Russland gibt alleinige Nummer eins bei Weizenexporten ab

Russland soll die alleinige Nummer eins bei den Weizenexporten verlieren und nur mehr 35 Mio. t ausführen können. Dies ist genauso viel wie der Report nun in der um 1 Mio. t angehobenen Exportprognose der EU ausweist - hier allerdings mit dem Fragezeichen der schlechten Weizenqualität der größten Exportnation Frankreich. Kanadas Weizenlieferungen auf den Weltmarkt werden um 5,5 Mio. t kleiner bei 17,50 Mio. t gesehen, während der Ukraine dank besserer Ernteaussichten nun mit 23,5 Mio. t um 2,5 Mio. t mehr zur Verfügung stehen.

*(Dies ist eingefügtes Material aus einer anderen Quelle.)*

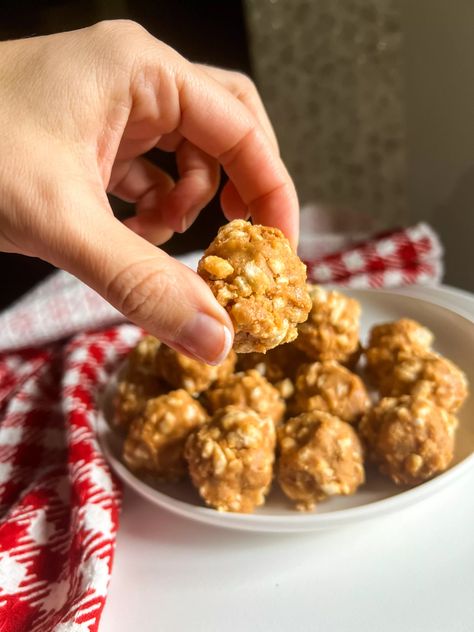 Indulge in Rice Cake Peanut Butter Protein Balls - a healthy, protein-packed snack made with all-natural ingredients. Perfect for post-workout snack! Protein Rice Cakes, Rice Cake Peanut Butter, Rice Cake Balls, Peanut Butter Rice Crispy Treats, Peanut Butter Rice Crispies, Chocolate Rice Cakes, Cake Peanut Butter, Peanut Butter Protein Balls, Cake Ball Recipes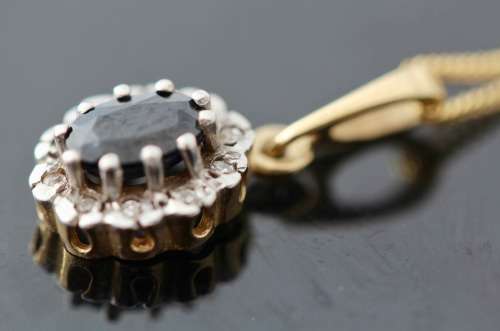 ENGLISH VINTAGE SAPPHIRE 0,38ct SOLITAIRE & DIAMOND PENDANT ON 9CT GOLD CHAIN. BIRMINGHAM ASSAY 1989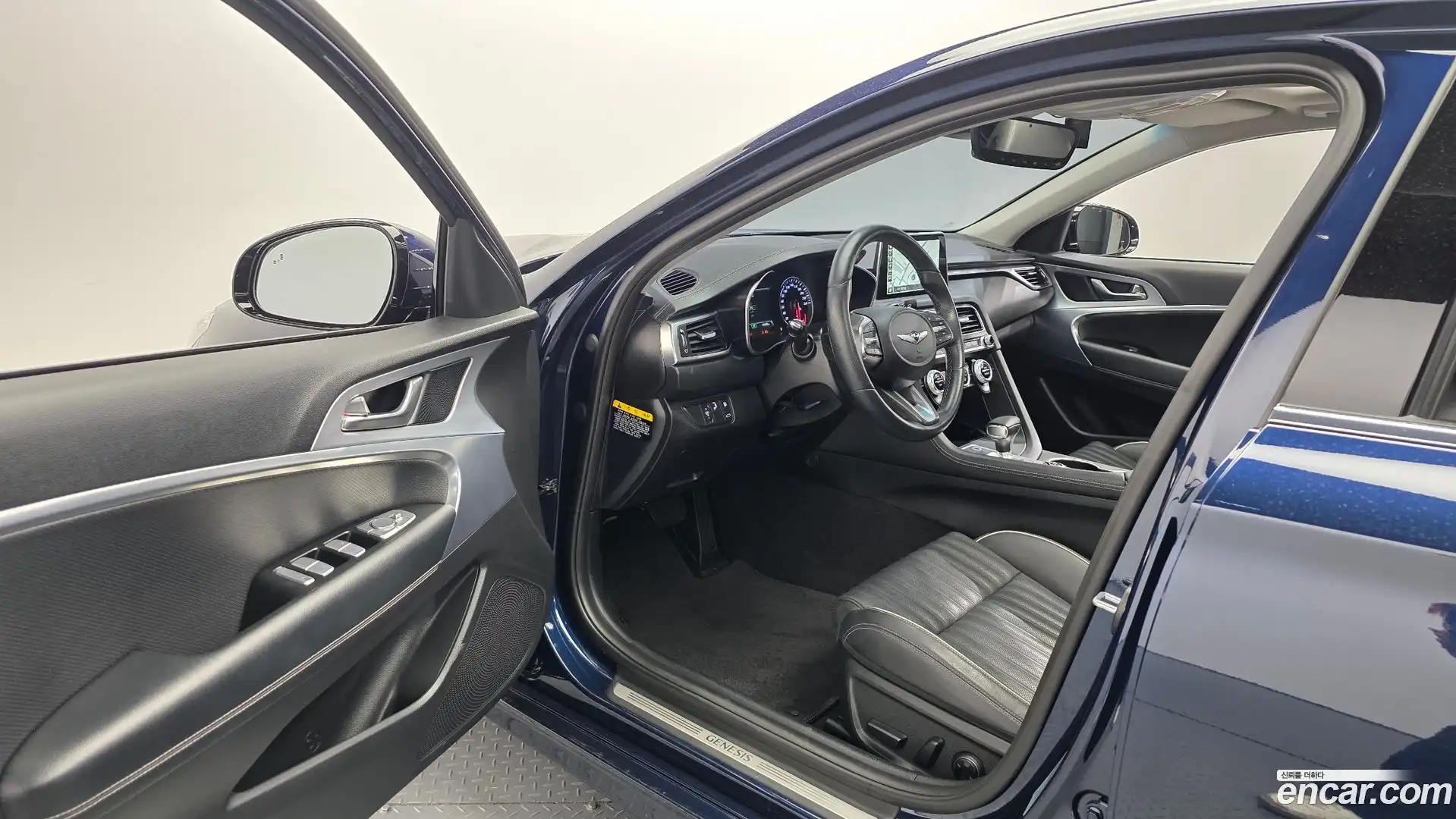 G70 Genesis 2018.0-INNER-010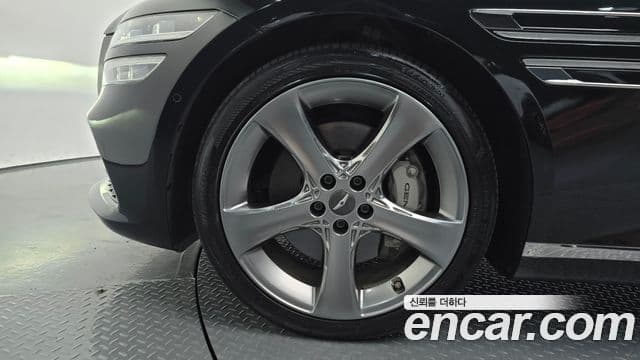 Genesis Electrified G80 2020 — ფოტო 4/20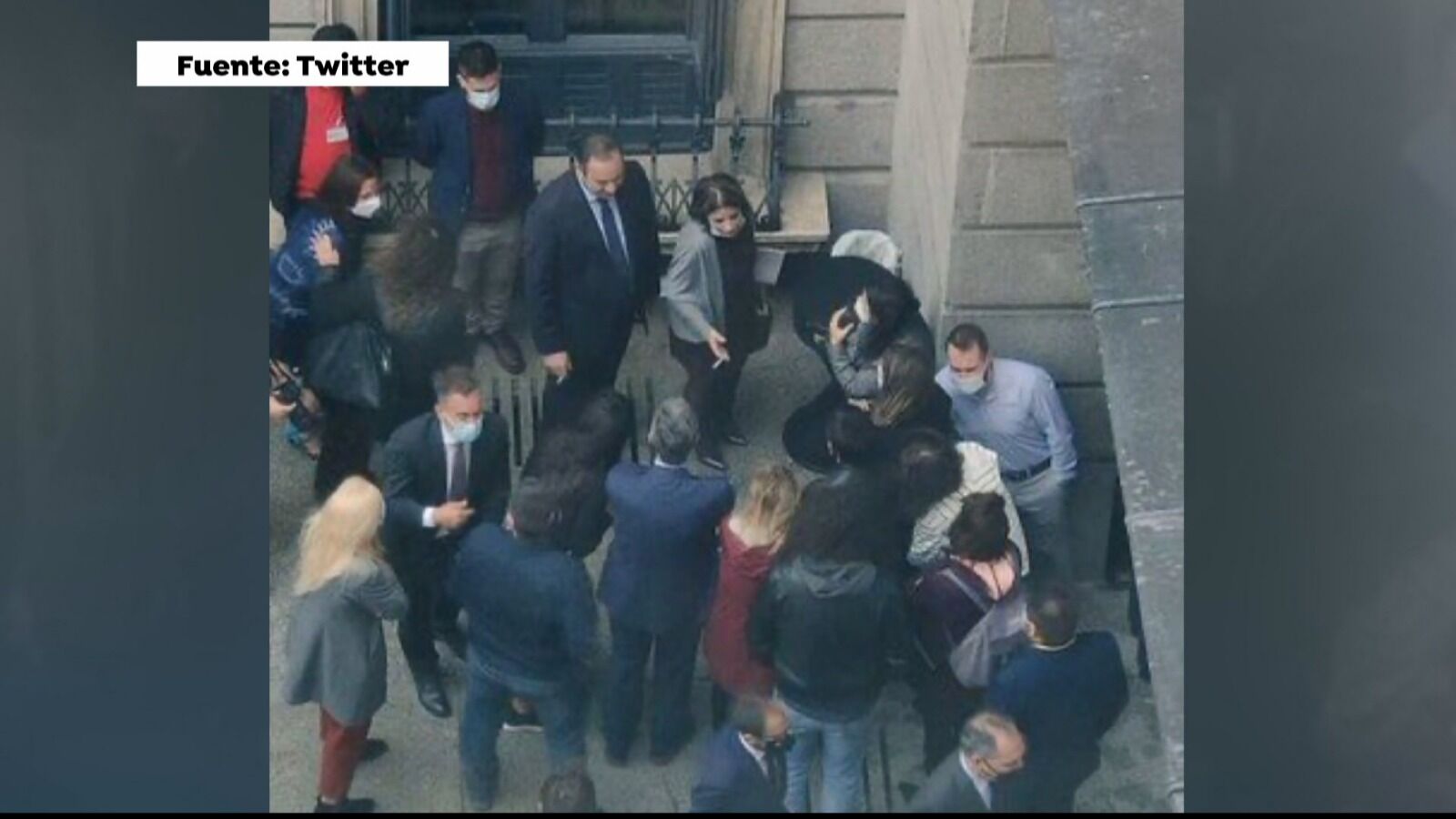 La polémica imagen de Adriana Lastra y José Luis Ábalos fumando sin guardar distancia y sin mascarilla contra el coronavirus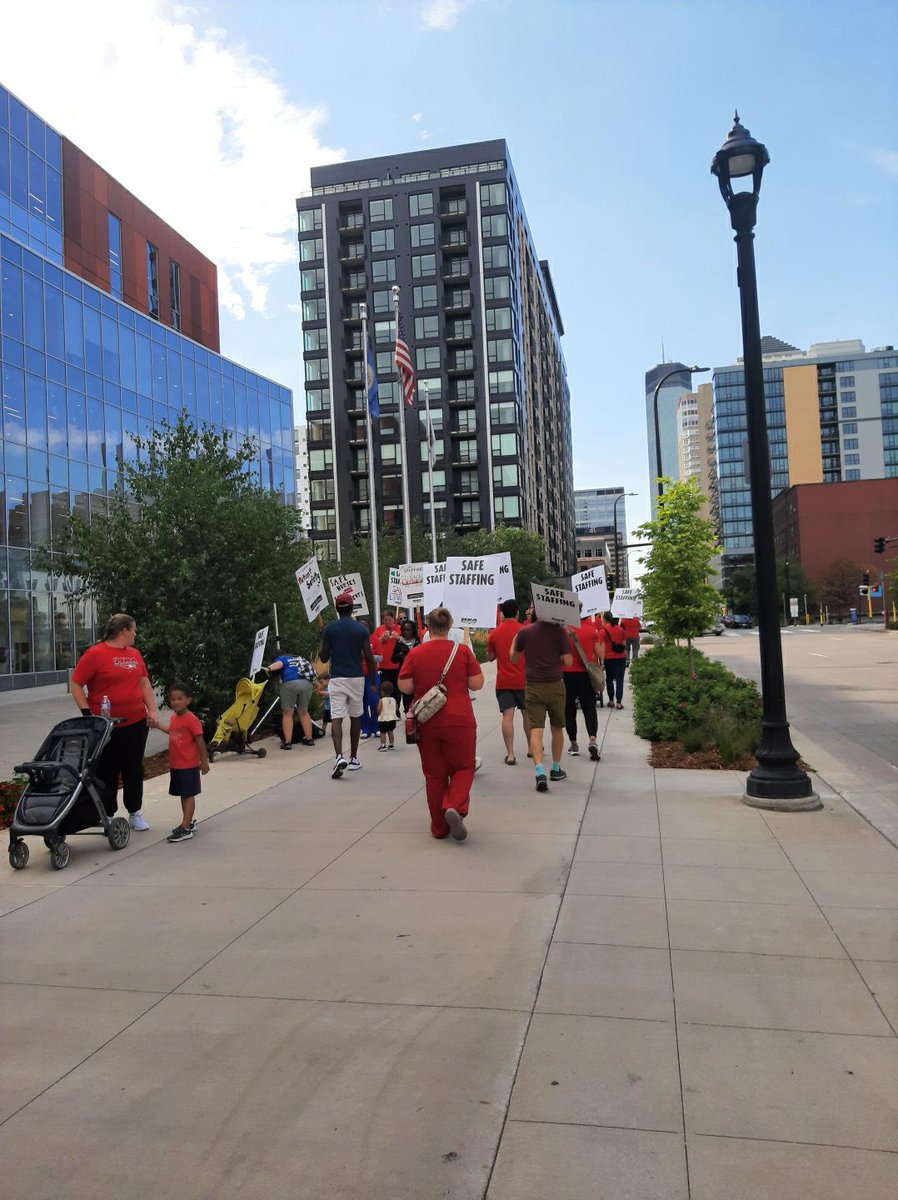 TwinCitiesCPUSA's tweet photo. We support nurses on the picket line fighting for safe working conditions!

#PatientsBeforeProfits 
#MNAReady
#UnionStrong https://t.co/J85Qdh2hfj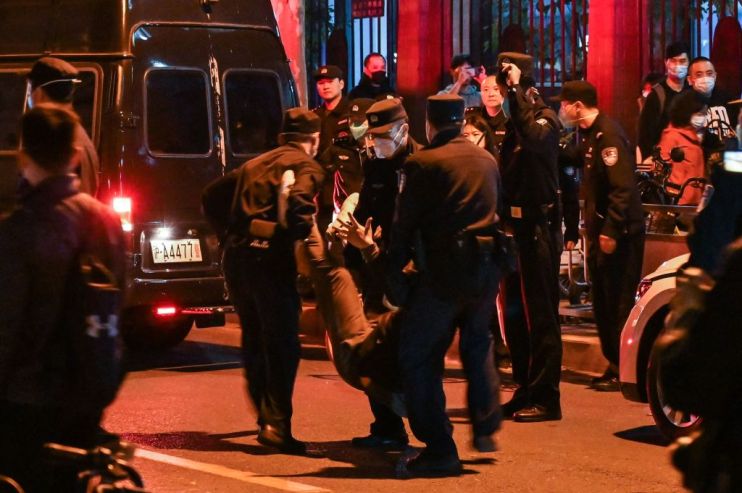 TOPSHOT-CHINA-HEALTH-VIRUS-PROTEST-POLICE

Damit konzentrieren sich 8,27 Mio. t der Reduktion der Endlagerschätzung des Weizens weltweit auf die großen Exportnationen Russland, EU, USA, Kanada, Ukraine, Argentinien und Kasachstan auf enge 12,82% Endlageranteil an ihrem Eigenverbrauch und Export. Besonders eng stellt sich die Weizenbilanz der EU mit einem Lageranteil von 8,82% am Eigenverbrauch und von gar nur 6,67% an Eigenverbrauch und Ausfuhren dar. Weltweit liegt diese Ratio von stock to use bei immer noch komfortablen 35,47%. Dies täuscht aber: Denn während die Weizenreserven der wichtigen Versorger des Weltmarktes im Sinken begriffen seien, setzt der WASDE-Report die von China zum Vormonat praktisch unverändert an. Damit steigt Chinas Anteil an den gesunkenen globalen Weizenlagern im Monatsabstand sogar von zuvor 48,90% auf nunmehr mit 50,75% mehr als die Hälfte. Diese Menge deckt 95,05% des chinesischen Jahresverbrauchs an Weizen.